L:=[x, x^2,y,z]: f:=proc(X::anything,x::symbol) local la,y; if patmatch(X, conditional( y::anything, _has(y,x) ),'la') then eval(y,la); eval(%,x={a,b}); else X; fi; end proc; map(X->f(X,x),L); [{a, b}, {a, b}^2, y, z]
Actually, we do not need patmatch for this, but the above is just an exercise. This can be done in one line in Maple as follows
L:=[x, x^2,y,z]: map(X->eval(X,x={a,b}),L) [{a, b}, {a, b}^2, y, z]
In Mathematica
{x, x^2, y, z} /. x -> {a, b} {{a, b}, {a^2, b^2}, y, z}
Replace \(sin\) by \(cos\)
f:=proc(X::anything) local la,x; if patmatch(X, conditional( x::anything, _has(x,sin) ),'la') then eval(x,la); eval(%,sin=cos); else X; fi; end proc; L:=[sin(x), cos(x)+sin(2*x),tan(x)]: map(X->f(X), L); [cos(x), cos(x) + cos(2*x), tan(x)]

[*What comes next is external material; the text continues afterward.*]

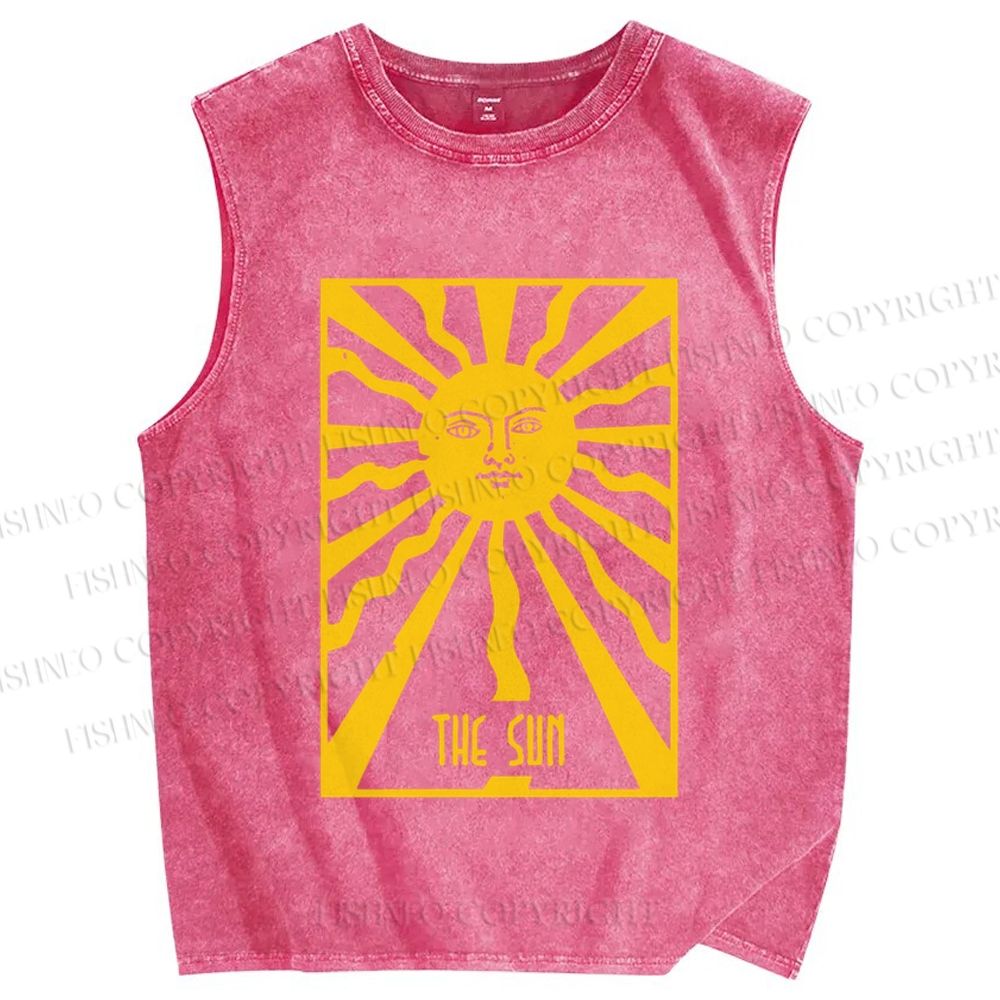 Unisex The Sun Graffiti Printed Washed Tank Top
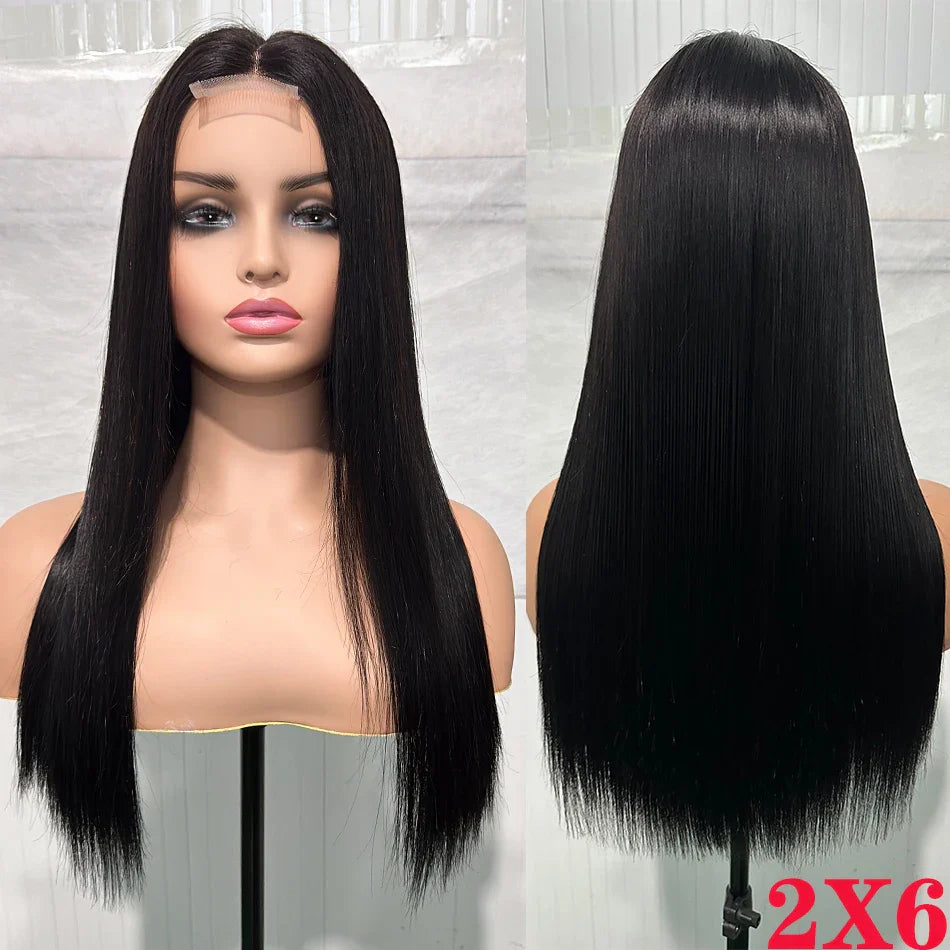 300% Density Super Double Drawn Bone Straight Virgin Human Hair Wigs 4x4 2x6 5x5 Wear And Go Wigs Silky Human Hair Pre Plucked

Actually, we do not need patmatch for this, but the above is just an exercise. This can be done in one line in Maple as follows
L:=[sin(x), cos(x)+sin(2*x),tan(x)]: map(X->eval(X,sin=cos), L) [cos(x), cos(x) + cos(2*x), tan(x)]
In Mathematica
{Sin[x], Cos[x] + Sin[2*x], Tan[x]} /. Sin -> Cos {Cos[x], Cos[x] + Cos[2 x], Tan[x]}
Use pattern to replace \(x^n\) by \(f(n)\)
restart; expr:=1 + x^2 + x^4; F:=proc(X::anything,x::symbol) local la,y,n; if patmatch(X, (y::anything)^(n::'nonunit'(anything)) ,'la') then if eval(y,la)=1 then #bug in maple? X; else f(eval(n,la)); fi; else X; fi; end proc; map(X->F(X,x), expr); f(4) + f(2) + 1
In Mathematica
1 + x^2 + x^4 /. x^p_ :> f[p] 1 + f[2] + f[4]
replaces a whole expression by default. In Maple, this is easier to do it without pattern, like this
restart; expr:=f(1, 2, z); e:=map(X->`if`(X::integer,"int",X),[op(expr)]); f(op(e)) f("int", "int", z)
In Mathematica, a pattern works easier
Replace[f[1, 2, z], _Integer :> "int", {1}] f["int", "int", z]
The main issue is that it is hard to match a squence in Maple. For example, in Mathematica this works
f[1, 2, z] /. f[x___] :> x Sequence[1, 2, z]
But in Maple
expr:=f(1, 2, z); patmatch(expr, f(x::anything)) false
So pattern matching does work to match sequence of arguments.